La semana pasada, cinco ministros de Estado llegaron al aeropuerto de Jauja para intentar conversar con los dirigentes de las protestas, que tenían tomada la ciudad desde hacía seis días. Pero luego llegar a Huancayo no fue tarea fácil. De hecho, tuvo que intervenir un cardenal porque los piquetes que bloqueaban la carretera impedían el paso de los ministros.
Escenas como esta se repiten constantemente en el Perú. Como resultado, se ha formado una nueva mesa de trabajo para intentar resolver aquellos problemas que originaron la toma de la ciudad y el bloqueo de carreteras. Y es que la falta de capacidad del Estado ha convertido a la violencia en un mecanismo de negociación válido. Esta vez, los manifestantes lograron, además, que el presidente del Perú les pidiera disculpas. Mientras que los ministros firmaban actas donde se comprometían, entre otras cosas, a reorganizar la Sutrán. Aquella entidad llamada a imponer orden y legalidad.

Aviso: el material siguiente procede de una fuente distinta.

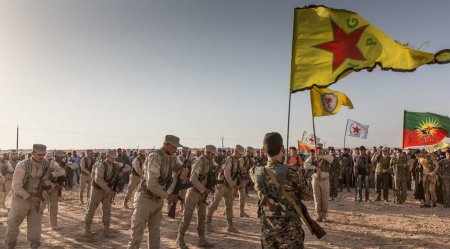 В Сирии курды взяли в плен исламиста из Украины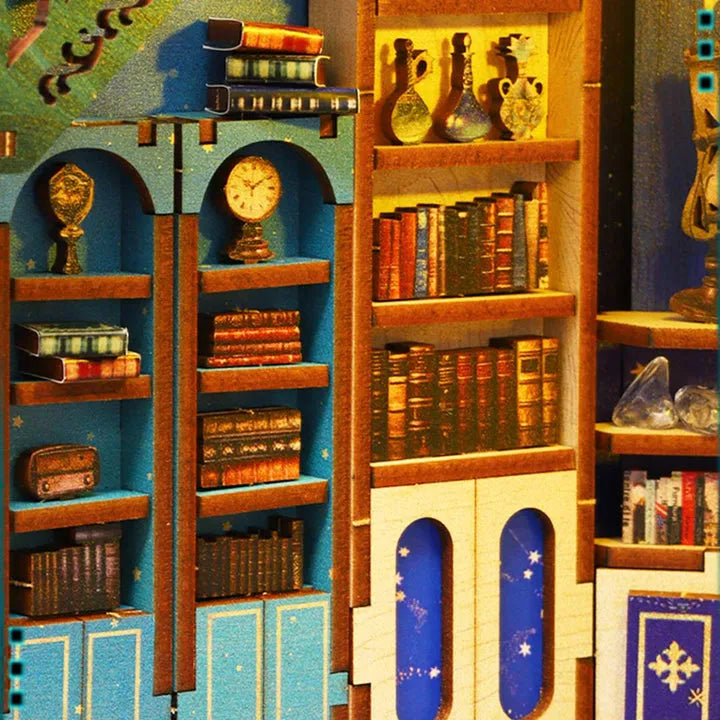 Kit de Book Nook de Exploración Interestelar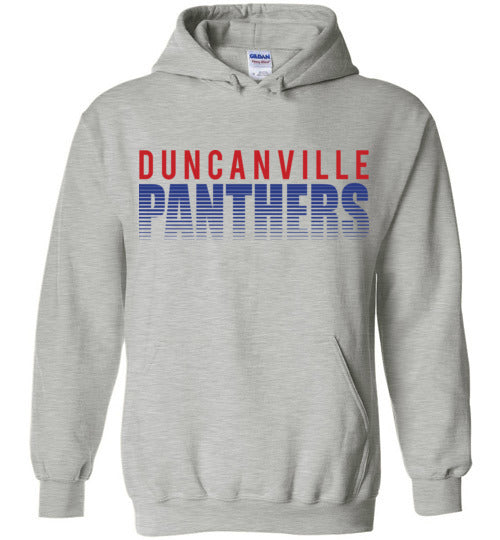 Duncanville High School Sports Grey Hoodie 24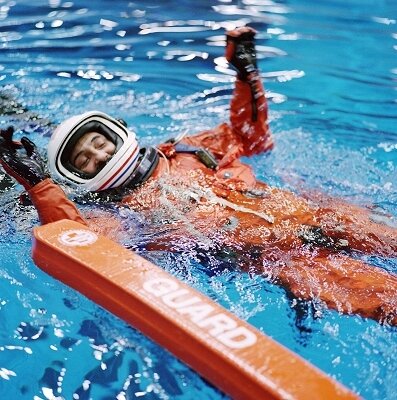 L'astronauta Umberto Guidoni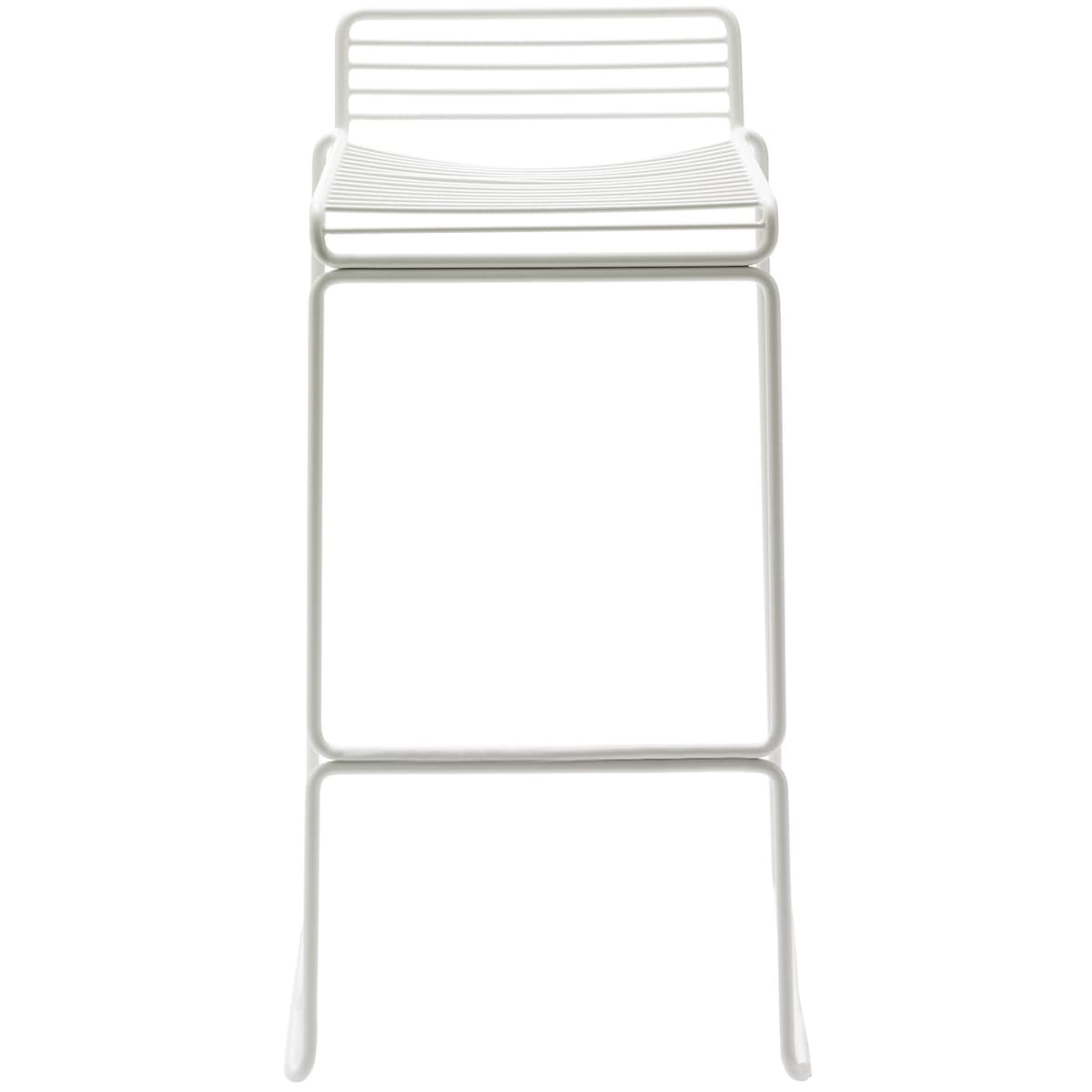 Hay Hee Bar Stool Barkruk Buiten Wit 75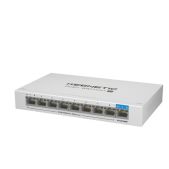 Коммутатор Keenetic KN-4710 PoE+ Switch 9 9-портовый гигабитный коммутатор с 8 портами PoE+ и бюджетом мощности 120 Вт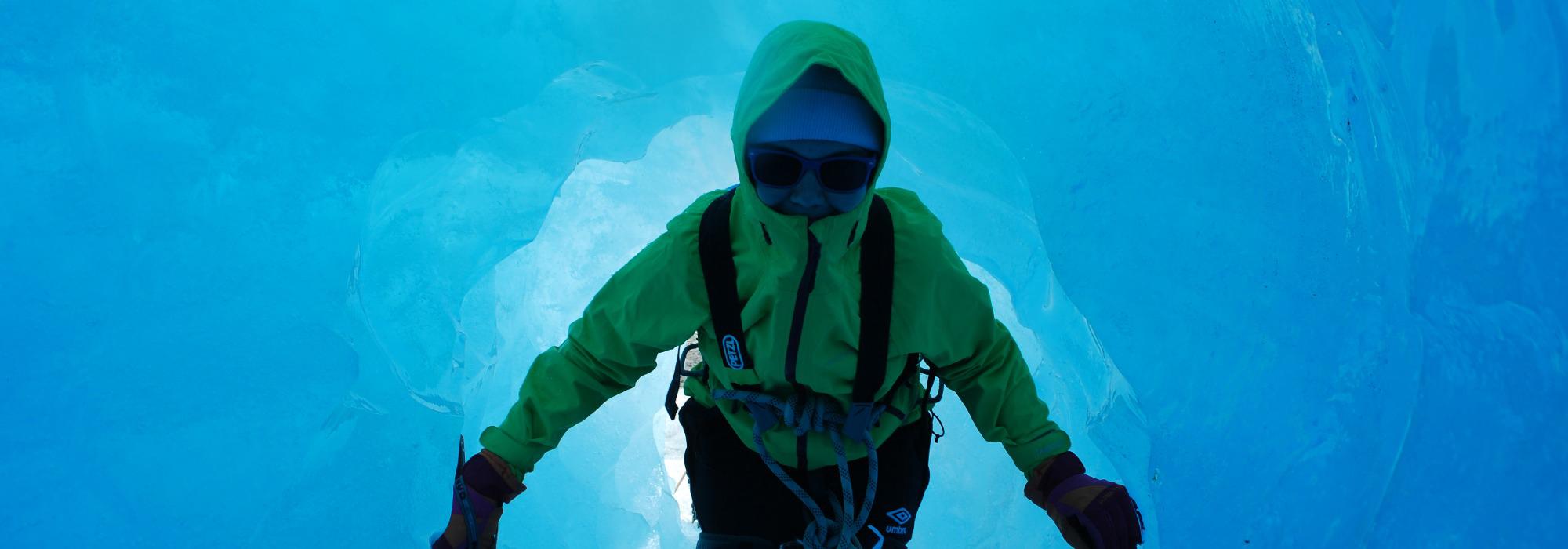 Kajakk- og brehelg i Jostedalen. En unik opplevelse!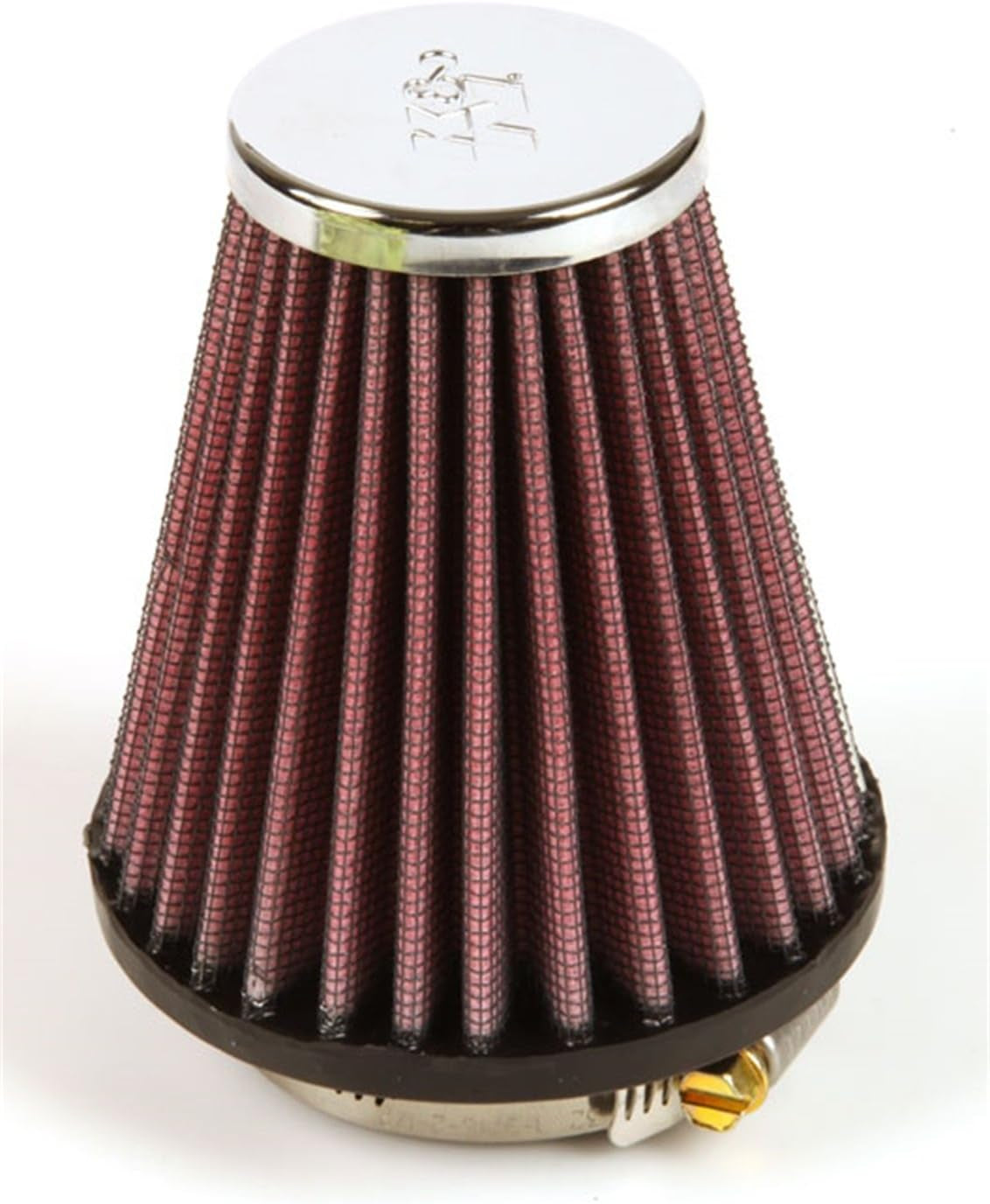 High-Flow Original Lifetime Universal Clamp-On Air Filter: High Performance, Premium: Flange Diameter: 2.0625 In, Filter Height: 4 In, Flange Length: 0.625 In, Shape: round Tapered, RC-1200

Si bien es cierto que la situación económica que enfrentan miles de peruanos, frente al desgobierno del Estado, hace que muchas de sus protestas sean legítimas, aceptar la violencia como válida nos aleja de un ejercicio real de democracia e institucionalidad. Así, el retroceso en las reformas, en respuesta a actos violentos de grupos de interés informales, se ha convertido en la norma. Y por ello, difícilmente podemos sostener que vivimos en una democracia. Porque democracia no significa ir a votar cada cinco años para elegir a un presidente y sus vicepresidentes o cada cuatro años para los gobiernos regionales y locales. Democracia no es tampoco aceptar que las decisiones sean impuestas por el 50% más uno. En democracia, todas las voces deben ser escuchadas, respetadas y los intereses de los ciudadanos, adecuadamente canalizados. La democracia implica tener un Estado funcional que garantice la igualdad ante la ley, la defensa irrestricta del Estado de derecho, la administración de justicia y la garantía de seguridad ciudadana. La democracia requiere, además, del ejercicio responsable de ciudadanía. Nada de lo anterior existe en el Perú. Y si hacemos un ejercicio de sinceridad, advertiremos que, en realidad, en el Perú nunca ha existido una real democracia.
De acuerdo con un informe del Banco Interamericano de Desarrollo, solo uno de cada diez latinoamericanos cree que los demás actuarán de manera correcta. Es decir, el 90% de latinoamericanos no confía en el otro. Entendiendo que la confianza se basa en la idea de que existen reglas comunes iguales para todos, que son respetadas, incluso cuando nadie está mirando. Y así no es difícil entender por qué el 86% de los peruanos cree que se gobierna para unos cuantos grupos de poder, mientras que el 89% considera que el acceso a la justicia es injusto. Si solo el 11% de nuestros compatriotas está satisfecho con la democracia que existe en el país, uno entiende por qué la violencia se convierte en un mecanismo para hacerse oír y obligar al Estado a resolver los problemas de los ciudadanos y de los grupos de interés.
Y es que, en realidad, la falla no es exclusiva del Estado o del gobierno de Pedro Castillo. Aquí estamos fallando todos los peruanos porque nadie está cumpliendo su rol en la sociedad. La falta de partidos políticos hace que los ciudadanos no encuentren cómo canalizar sus intereses y necesidades hacia un gobierno que no tiene la capacidad ni el interés para resolverlos. La mayoría de líderes empresariales, escudados en sus lobbies, y en el “nosotros no hacemos política” dejan de lado el liderazgo que deben asumir y los medios de comunicación en lugar de transmitir información veraz y priorizar una agenda de desarrollo del país, incendian la pradera con el escándalo y las medias verdades. Esto, mientras que los ciudadanos no cumplimos con nuestros deberes.
El Congreso y nuestros políticos son el reflejo de la sociedad informal que hemos construido. No por nada ocho de cada diez peruanos se desarrolla en la informalidad. Tal vez, el punto de partida para lograr un mejor país sea comenzar por enfrentar nuestra realidad.